There was no static, Salesa pointed out that Jon couldn’t use his Eye powers here, Salesa insisted that his statement was on his own terms… but I still wonder if he wasn’t compelled a bit? We didn’t learn much, it had a bit more flourish than our usual (but it’s not unheard of: avatars were shown to be very happy to portray themselves at their best during them), there were some potentially unreliable bits here and there (not unheard of either), but it was also… pretty coherent. Flowing naturally. A long tirade going straight to the points.

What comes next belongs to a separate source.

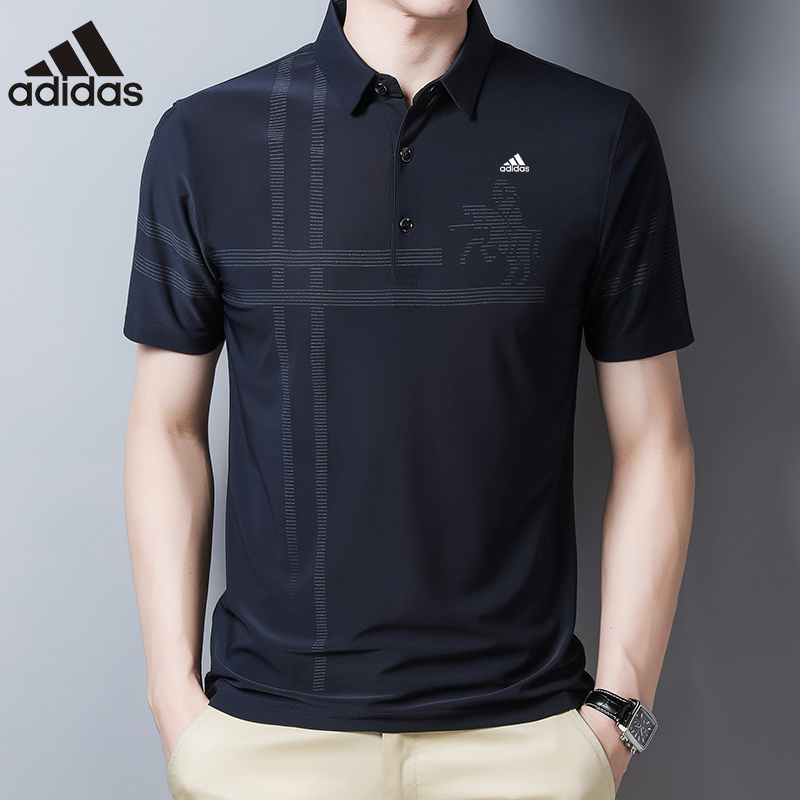 adidas cotton polo shirts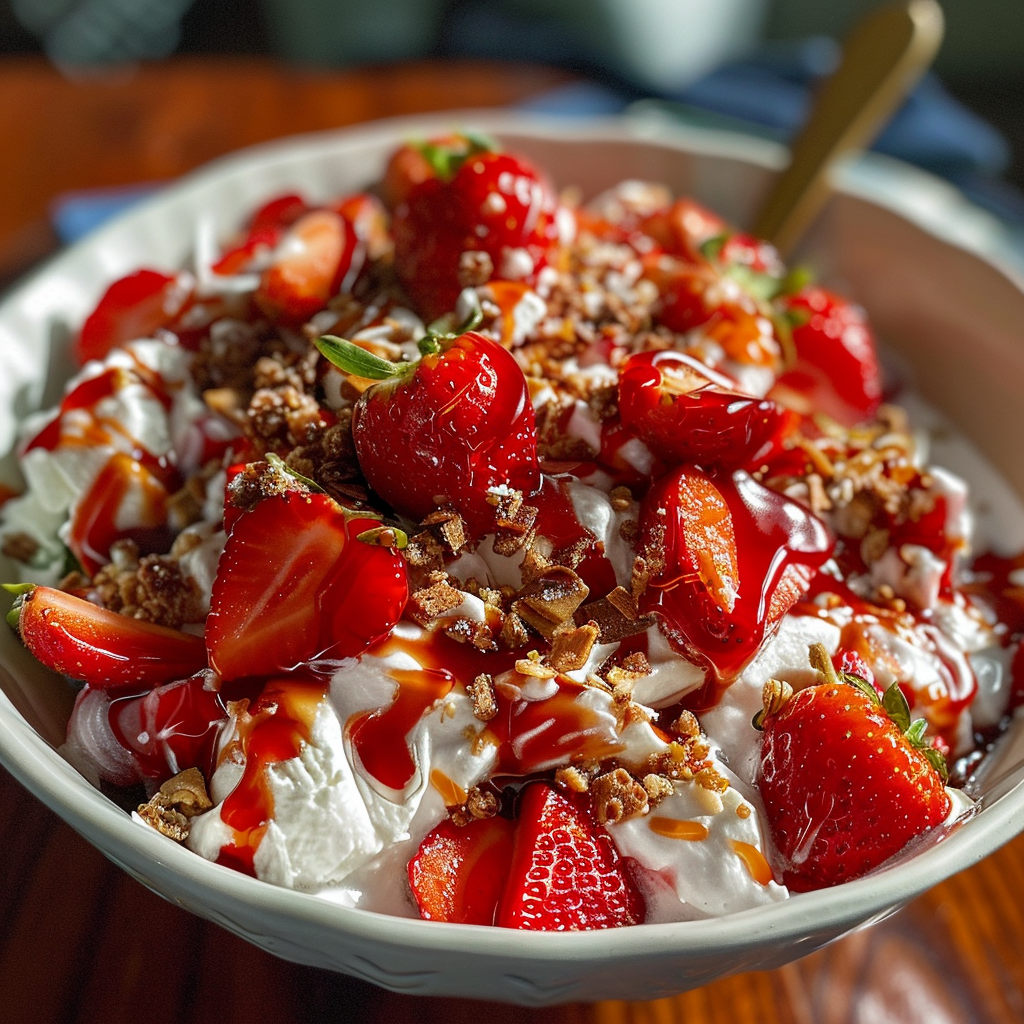 Refreshing Strawberry Crackle Salad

Could Salesa have been influenced by Martin? Simon had made it clear that Beholding had compelled him (through Martin) to give him his piece. Or was it… the tape recorder, somehow? It turned on when Jon&Martin were arriving (so, when a discussion would happen), and turned off after Salesa was done:
(MAG181) SALESA: Anyway, no more stories, I think. Let us relax, and talk, and drink, and… not worry about who might be… listening. [CLICK.]
So it was there for Salesa’s statement. Did it compel him?
- I like how we technically didn’t learn much through Salesa’s statement! Well, not much factual info, at least: we already had gotten a recent-ish written statement from him (MAG115, from January 2007); we knew that he had been Leitner’s assistant and had fled when he understood what Leitner was dealing in, that he initially mostly wanted to use his list of clients and had ended up dealing in supernatural artefacts almost coincidentally, that he let (rich) people acquire the artefacts they wanted and too bad for them if they caused them misery, that he was getting angstier between 2011 and 2014, culminating in the last mission to retrieve the camera, and that he had then vanished, presumed dead.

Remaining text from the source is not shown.